Hey y'all, I'm currently in the process of adding DIY acoustic treatment to my small (10' x 10' x 8' tall / 3m x 3m x 2.4m tall) bedroom to get a flatter room frequency response and decrease reverberation time, both of which will help contribute to more accurate mixes. After doing a bunch of research, as I understand it the first steps for small rooms are to:
1) treat first reflection points with acoustically absorptive material (typically mineral wool or fiberglass board)
2) add bass trapping in the corners (using the same materials, but double the thickness).

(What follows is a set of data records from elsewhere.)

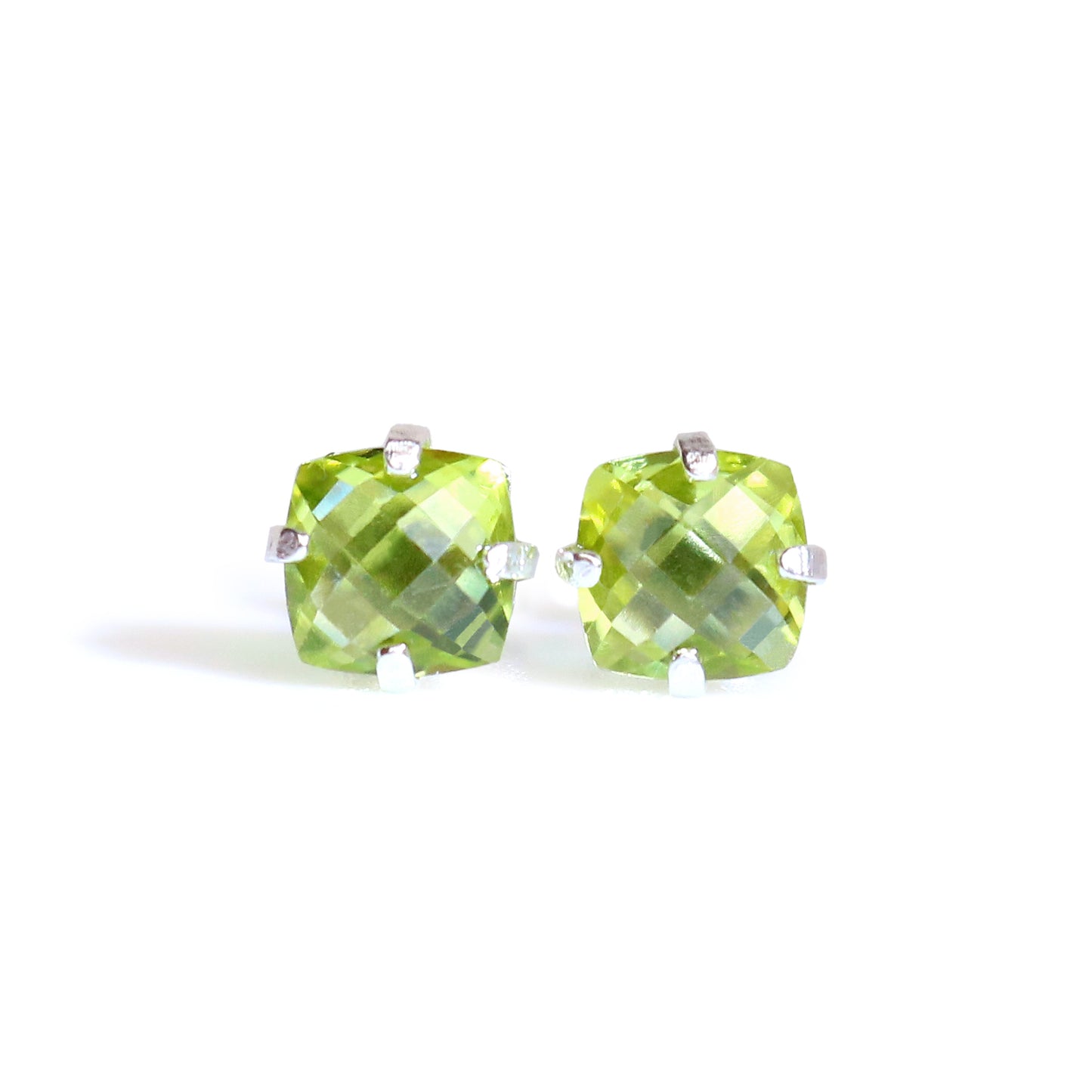 ペリドット スクエアクッションカットピアス チェッカーカット 宝石アップ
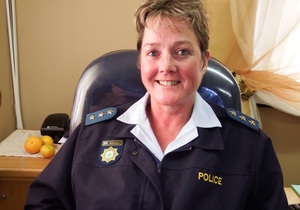 Kaptein Gerda Groenewald neem leisels vir tweede keer oor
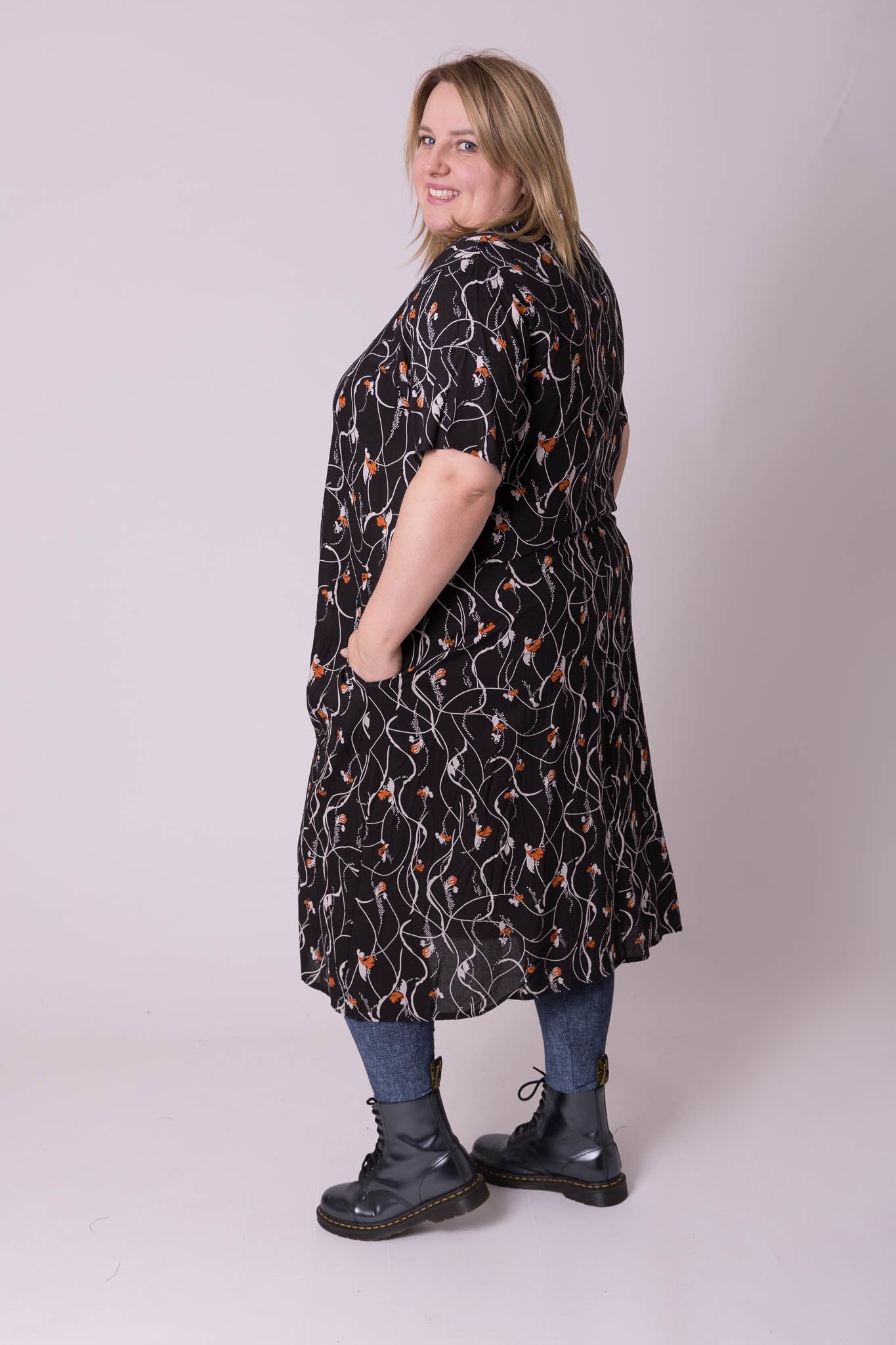 Jurk oranje bloemen met zakken maat 48/52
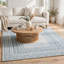 Tapis touffeté à la main Hazel, bordure géométrique bleue, laine gris ivoire 5 x 7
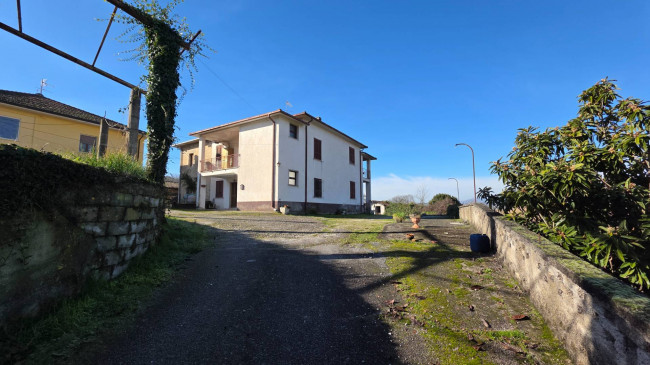 House in Arpino - view 1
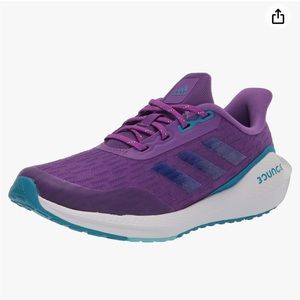 Women’s Adidas Ultrabounce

Treating first reflection points is helpful because you can create a reflection free zone at your mix position, aka where you are sitting while tracking / mixing. With proper placement of acoustic panels, you can absorb most mid- to high-frequency reflections off walls, floor and ceiling that would otherwise be heading back to your ears. These reflections, if not absorbed, would combine with the direct sound from your monitors and cause muddled sound / comb filtering due to destructive interference / phase cancellation. For a bit more info on this topic, check out this article: http://realtraps.com/rfz.htm
Bass trapping in the corners is particularly effective because bass builds up more in the 90 degree angle between any two walls (including the floor / ceiling) than it does in the middle of the wall. Installing thick (4-6" / 10-15cm) absorptive panels with an equally sized air gap behind them, in as many the corners of the room as possible, will help to absorb some of the bass frequencies bouncing around.